I've got some more to say about ONLY MURDERS IN THE BUILDING this week, but I wanted to break in here at the top of the week with a little piece about Marvel's SHANG-CHI AND THE LEGEND OF THE TEN RINGS, which I finally saw over the weekend and liked a ton more than I expected to.
I'm a little burnt out on super hero storytelling, and maybe also the Marvel method of an origin story, which normally involves the main character a) making a big mistake which motivates their drive to be a hero; and b) some family member and/or person with the same power as them being the villain.
Both of these things in fact do prove to be true in SHANG-CHI (sigh), but there's some pretty creative differences in the way the film does the origin story, too. If you're looking for some ideas on how to mix things up in your own work, here's what writers David Callaham, Destin Daniel Cretton and Andrew Lanham came up with.
1) Bury the Lede: The typical super hero origin story literally follows the hero through the whole process of getting their super power and everything that ensues from that.
SHANG-CHI looks like it's going to do the same. When we meet the adult "Shaun" he's just a hapless hotel car attendant. It's all very Spider-Man. But then suddenly after we've got to know him and his friend Katy, he's attacked on a trolley car and reveals to us--and her--that he is this bad ass martial artist.
Basically, the writers know our expectations, and play into them, precisely so they can then surprise us.
2) Disrupt the Story: Another typical move you see in hero movies is some sort of flashback narration about what happened before, how the character got to this point.

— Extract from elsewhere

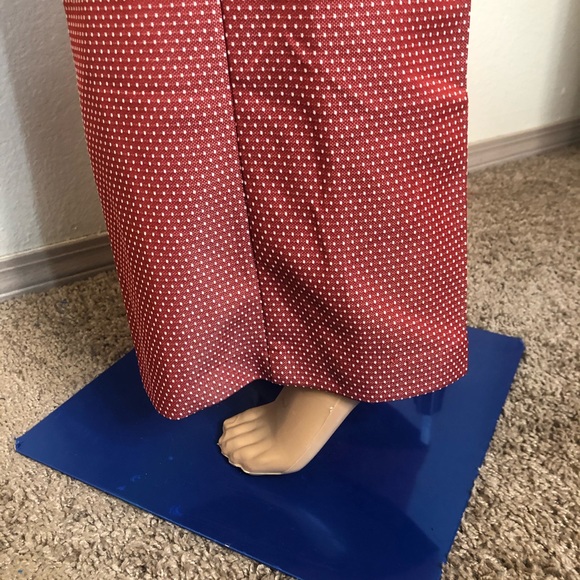 Vintage 70s High Waisted Wide Leg Pants - Picture 6 of 8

And once again, the writers lean right into that expectation so as to mess with us. Shang giving a very serious monologue over flashbacks of him learning to be an assassin and then being sent on his mission.

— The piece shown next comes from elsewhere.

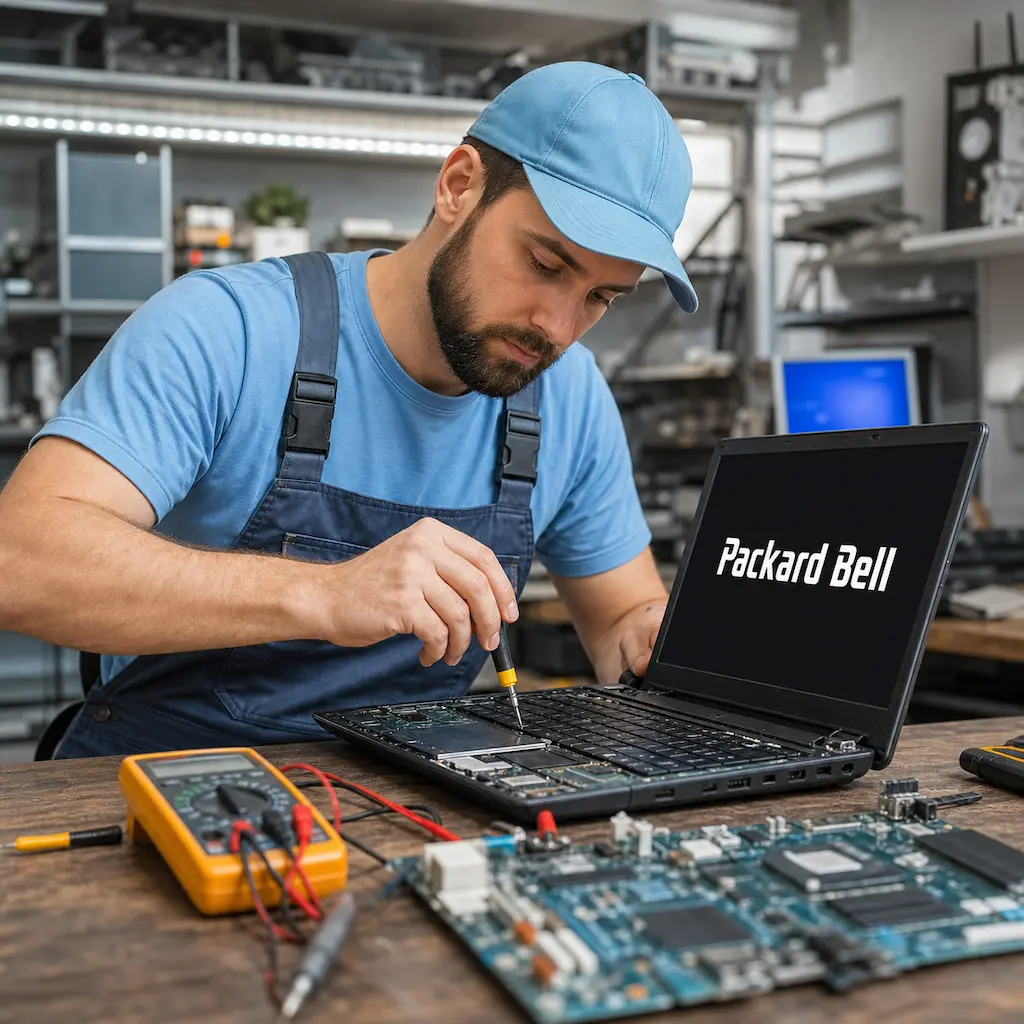 Ремонт ноутбуков Packard Bell в Волжском | Сервисный центр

But before we can find out what happened, we cut to him and Katy on the plane to Macau and the airline attendant asking their meal order. And it's not a momentary gag. It has three beats actually--the query; finding out the airline doesn't have what they requested; and then the query again. By the time it's over there's just no going back to the story. Which actually ends up delighting us, precisely because it is so unexpected.
3) Vary the Conventions: So again, there are two big conventions in the Marvel origin story: the hero has some reason to redeem himself; and his enemy is a relative or someone with the same powers.
SHANG-CHI has both, but varies them in some interesting ways. It hides that Shang has anything to redeem for a very long time. He actually tells Katy he didn't kill anyone as an assassin, and his training is painted as his father's doing, when in fact he agreed to it (though as a young and traumatized child). It's not until the end of Act Two in fact, that the truth is revealed. Which as the low point of the story, and the moment Shang has to make the decision to step up, is a great place for that kind of reveal anyway.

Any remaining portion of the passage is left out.